Specifically, she's talking about five activists in each House district represented by a member of Congress who opposes the ban.
Although polls show public support for the prohibition adopted in 1994, gun-control advocates are worried it won't be renewed. It is considered especially vulnerable in the House.
The National Rifle Assn., the most powerful gun-rights coalition in the country, maintains that 10 years of restricting semiautomatic weapons has done nothing to stem crime, and that Thomases and her group have a more far-reaching goal than they care to admit. "They're trying to cover up their real agenda -- to ban all firearms," says Andrew Arulanandam, the NRA's spokesman. "It's that simple."
Hearing this, Thomases, a native of Louisiana who has lost her drawl and now speaks very fast, slows down. "I am not an expert on the effectiveness of the assault weapons ban. But I have a lot of trust in the police chiefs across the country who have asked the Congress to extend it. I go by their judgment," she says. "As for our real agenda, well, we're a very moderate group, and while all movements have extremist elements, we don't. We're for sensible gun legislation. It's that simple."

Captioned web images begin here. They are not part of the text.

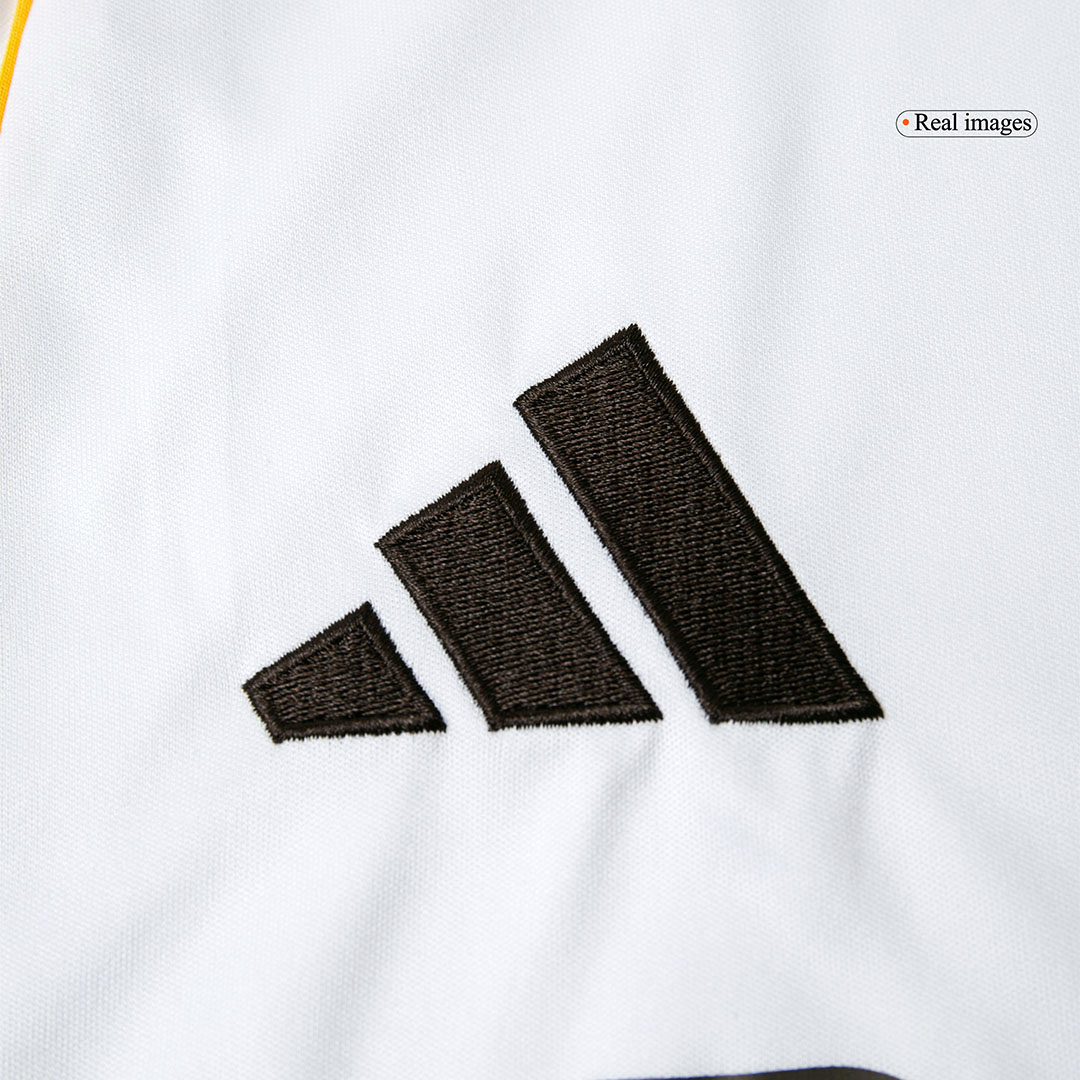 MBAPPÉ #10 2025/26 Real Madrid Soccer Jersey Home Custom Football Shirt Fan Version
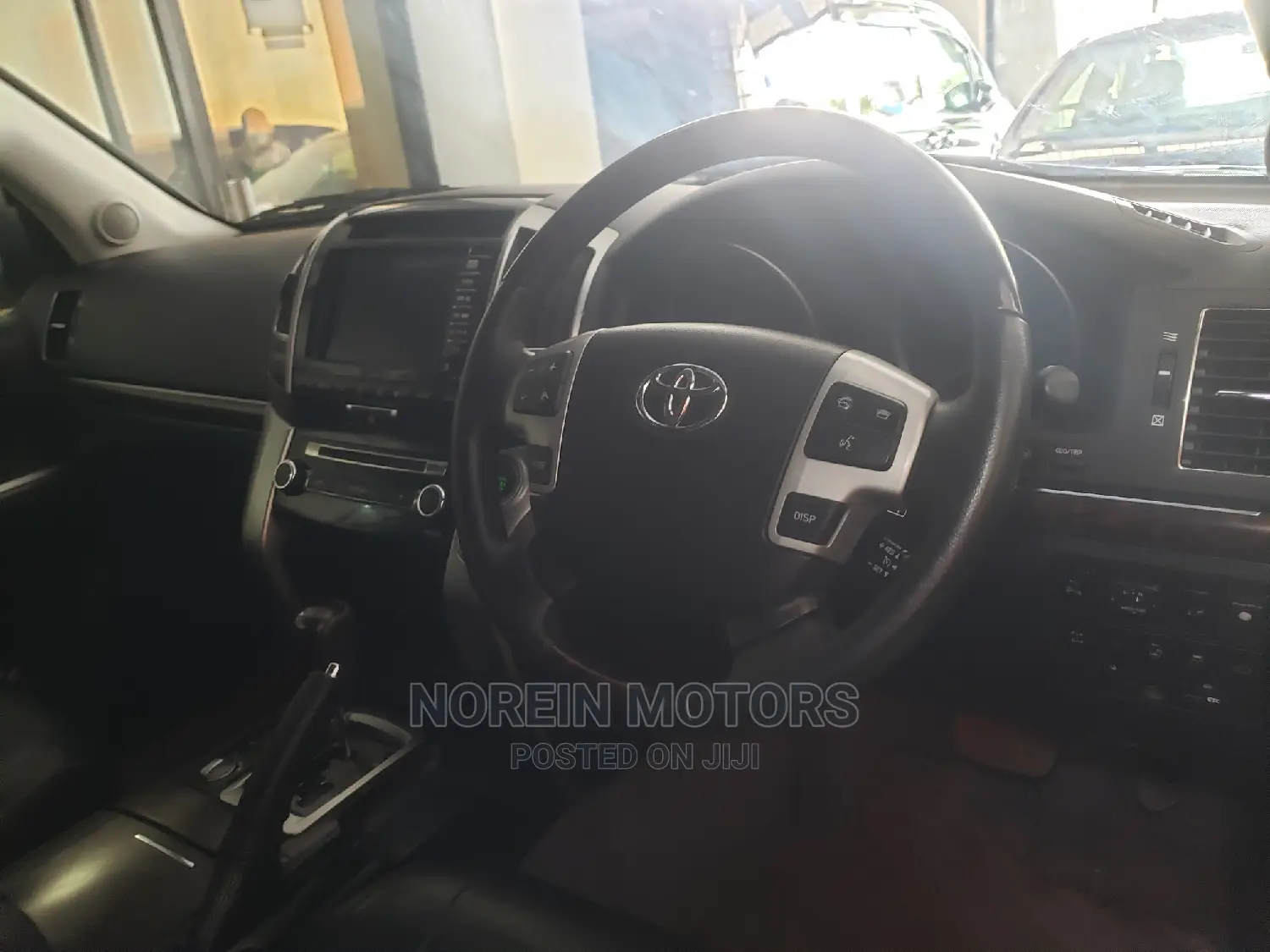 Toyota Land Cruiser 2015 White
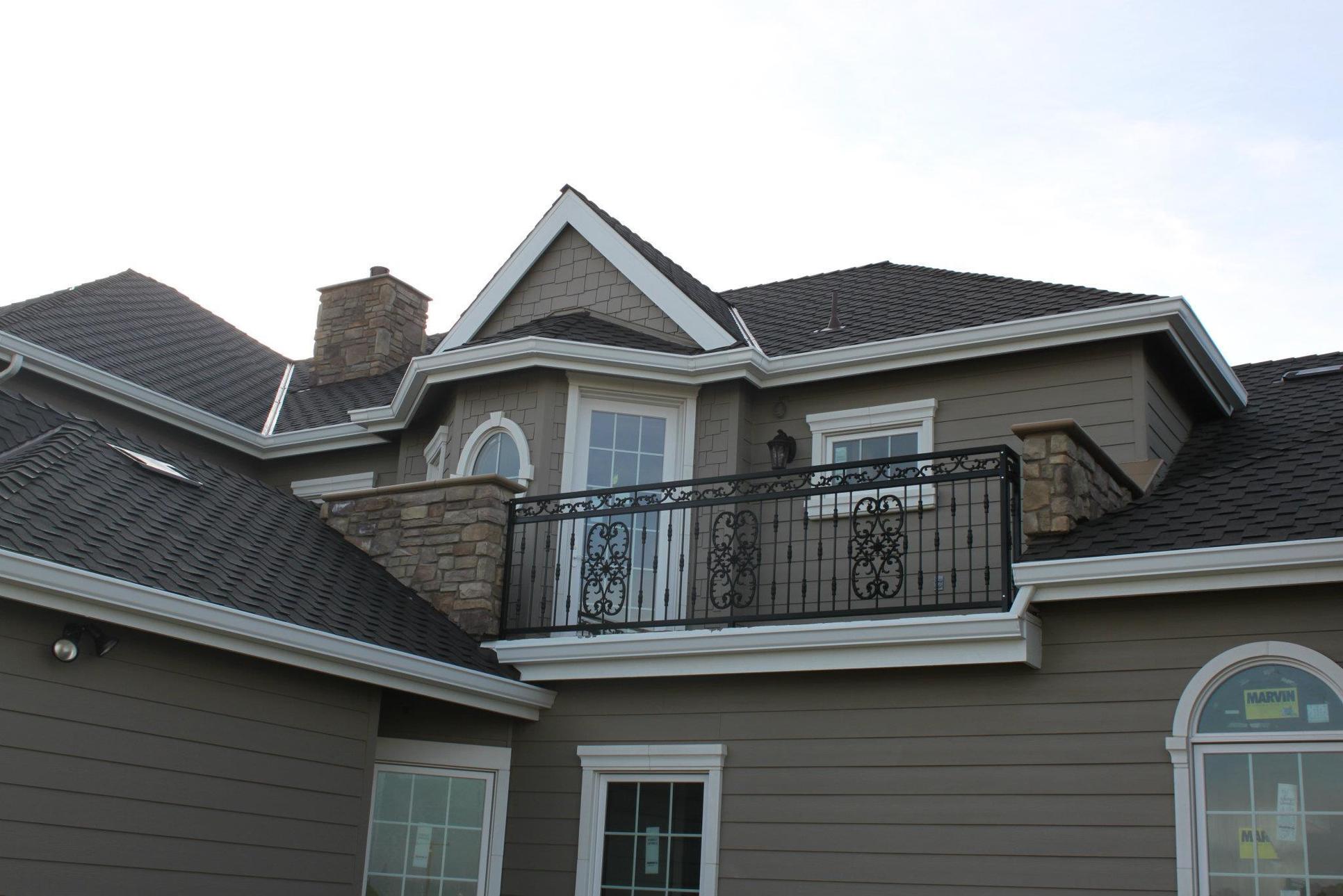 B L C Custom Homes,93612
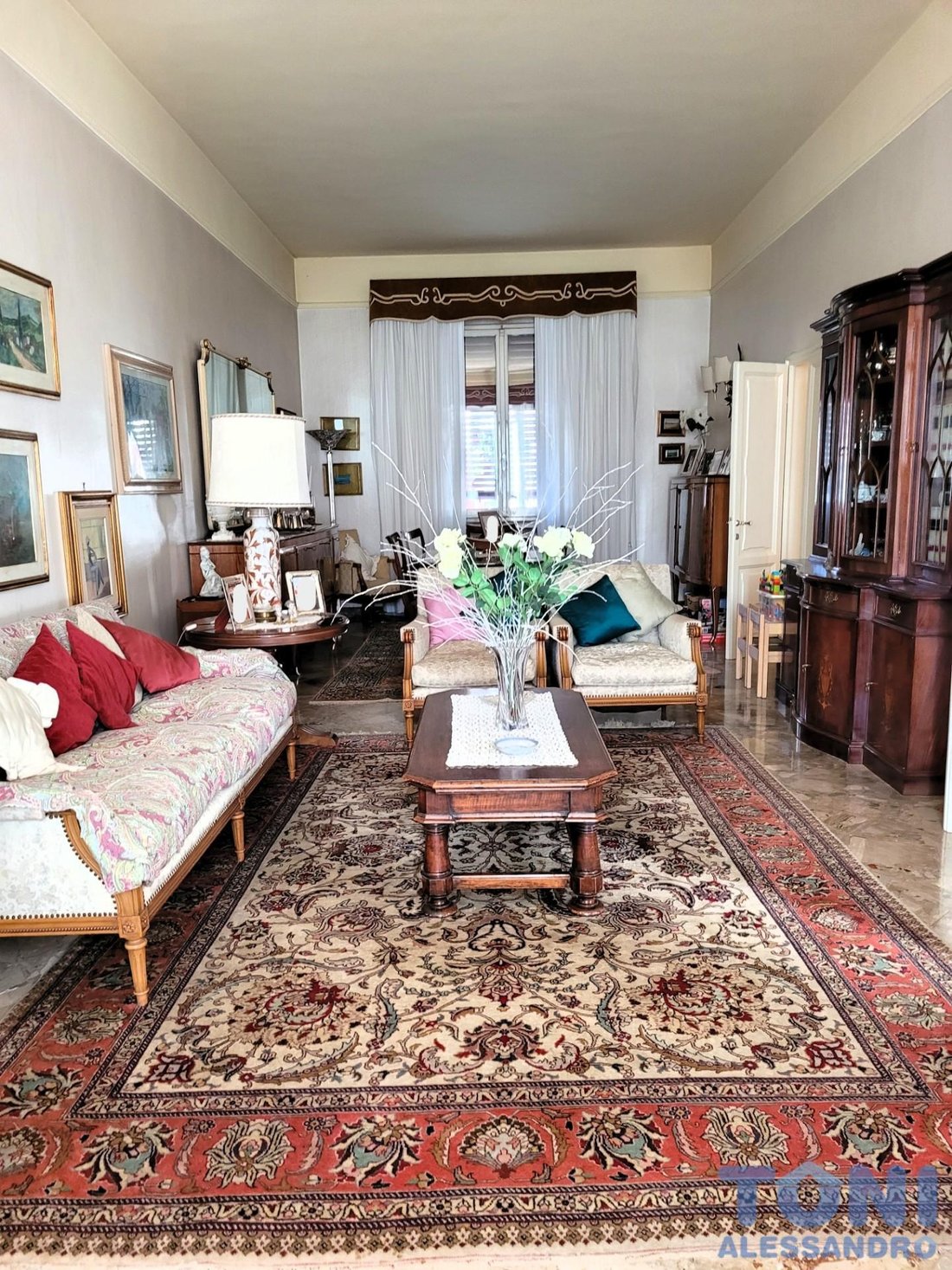 Villa in Station Area, Empoli, Tuscany 2 - 15233372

Before the Granada Hills shooting, Thomases had little knowledge of or interest in gun laws or Washington political maneuverings. She had long worked as a publicist -- in her last job, promoting top-10 lists for "The Late Show with David Letterman" -- but had gone part-time after moving with her family to Short Hills, N.J.
Looking back to her paid career, Thomases laughs: "I got paid a lot to talk about the top 10 things the president's dog advises him. But then I got a 'volunteer' job that was a lot more complicated and involved a lot of unpaid, hard-working women."
She ticks off their accomplishments: 67 chapters of the group opened across the country and legislation adopted in several states, including New Jersey and Maryland. From 2000 to 2003, the average number of children who died every day from gun fire dropped from 12 to eight.
But the "Million Mom March" organization stumbled. Within a year it lost most of its funding and had to lay off almost all its Washington-based staff at a time when that city was fully turning over to a Republican Party generally opposed to gun control. Thomases is the first to admit the group became too bureaucratic and had to rethink its strategy.
Over the last year, Thomases wrote a book, "Looking for a Few Good Moms" (Rodale Press), which came out last month. While she was writing she came to realize the group's greatest strength was its can-do mom culture. "We weren't good with meetings and paperwork. We just knew how to make phone calls and get things done."
The group merged with two other like-minded organizations and over the last year has focused on the assault weapons ban and getting George Bush, who has said repeatedly that he is behind it, to become an active supporter. In February Thomases spoke at a news conference announcing that, after four years, there would be another march on Mother's Day to get Washington's attention.
"In three short months," she said, "we found our culture again. People were calling, signing up, wanting to do" something.
Thomases' growth as a sophisticated spokeswoman for her cause was evident on Friday during a CNN appearance. A few minutes into the show, Paxton Quigley, author of "Armed and Female," called in and began insisting women should be trained to carry guns.
Instead of the confrontation between the two women the television hosts were expecting, Thomases immediately found a point of agreement with Quigley, and then went back to the assault weapons ban she had come on the show to promote.
"I applaud people who are out there doing training," Thomases said, pausing for a quick breath and giving her long blond hair a quick push off her face. "Now, these are guns of mass destruction, not hunting weapons or handguns, we're talking about banning.... "
She said she's learned a lot in four years. She doesn't get fiery with opponents; she doesn't expect miracles from one march; and, frankly, she doesn't want to head the group after September.
She'd like to see a new president take over every two years. "You need someone new and excited," she said, adding that all she wants is to go back to leading one chapter with four other committed moms -- and maybe also to find a paid job.